BTW, does anyone know why some photos come through with a "report this image" click box under them? At first I thought it was something the did to new posters, but Jacqueline is a long-time regular poster, I've never seen this before on her photos, and I see it on these. Weird!


----------



## misstray (Feb 6, 2011)

krandall said:


> Aww, I LOVE the top one!!!
> 
> BTW, does anyone know why some photos come through with a "report this image" click box under them? At first I thought it was something the did to new posters, but Jacqueline is a long-time regular poster, I've never seen this before on her photos, and I see it on these. Weird!
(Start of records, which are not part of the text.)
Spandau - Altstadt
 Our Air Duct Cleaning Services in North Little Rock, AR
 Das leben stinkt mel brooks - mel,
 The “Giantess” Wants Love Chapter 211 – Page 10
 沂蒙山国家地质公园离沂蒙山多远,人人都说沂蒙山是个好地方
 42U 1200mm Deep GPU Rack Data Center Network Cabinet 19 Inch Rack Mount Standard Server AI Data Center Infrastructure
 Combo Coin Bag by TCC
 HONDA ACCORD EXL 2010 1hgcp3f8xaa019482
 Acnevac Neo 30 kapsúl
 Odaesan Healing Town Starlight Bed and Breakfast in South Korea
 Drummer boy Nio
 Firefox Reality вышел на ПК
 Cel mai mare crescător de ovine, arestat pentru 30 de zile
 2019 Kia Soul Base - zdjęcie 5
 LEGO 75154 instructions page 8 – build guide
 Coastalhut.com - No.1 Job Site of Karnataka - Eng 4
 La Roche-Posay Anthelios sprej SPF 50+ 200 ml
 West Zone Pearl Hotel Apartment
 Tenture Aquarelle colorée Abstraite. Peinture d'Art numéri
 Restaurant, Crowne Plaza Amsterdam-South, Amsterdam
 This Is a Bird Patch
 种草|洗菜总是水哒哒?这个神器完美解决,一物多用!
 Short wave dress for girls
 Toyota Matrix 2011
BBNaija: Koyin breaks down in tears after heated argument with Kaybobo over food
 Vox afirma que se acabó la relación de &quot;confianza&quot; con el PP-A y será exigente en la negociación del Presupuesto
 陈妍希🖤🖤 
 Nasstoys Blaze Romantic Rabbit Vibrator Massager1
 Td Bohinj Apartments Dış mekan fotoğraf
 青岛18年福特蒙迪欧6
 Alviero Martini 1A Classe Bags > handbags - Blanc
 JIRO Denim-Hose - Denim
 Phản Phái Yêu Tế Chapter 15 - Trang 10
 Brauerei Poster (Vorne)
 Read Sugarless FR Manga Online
As far as I can see...the ones with "report this image" are pictures that aren't uploaded directly to this site, but rather are posted via link to Photobucket.


----------



## Atticus (May 17, 2011)

AWWWWWW great pics! 
Two more of these two, sort of blurry but you get the picture!


----------



## Beau's mom (Oct 6, 2011)

When Beau started in Puppy Club, there were no other small breed puppies in it. Even now, he gets all excited to play with any big dog. He tries to like small dogs, but he thinks he's a Lab!! And, he plays with little dogs the way a big dog plays!!


----------



## Missy (Nov 6, 2006)

Oh sporchild, that 2nd picture is the best!


----------



## krandall (Jun 11, 2009)

misstray said:


> As far as I can see...the ones with "report this image" are pictures that aren't uploaded directly to this site, but rather are posted via link to Photobucket.


ah, OK. Still not sure WHY, but at least there's a pattern.


----------



## krandall (Jun 11, 2009)

Beau's mom said:


> When Beau started in Puppy Club, there were no other small breed puppies in it. Even now, he gets all excited to play with any big dog. He tries to like small dogs, but he thinks he's a Lab!! And, he plays with little dogs the way a big dog plays!!


GREAT shot!!!


----------



## sprorchid (Mar 30, 2010)

Missy said:


> Oh sporchild, that 2nd picture is the best!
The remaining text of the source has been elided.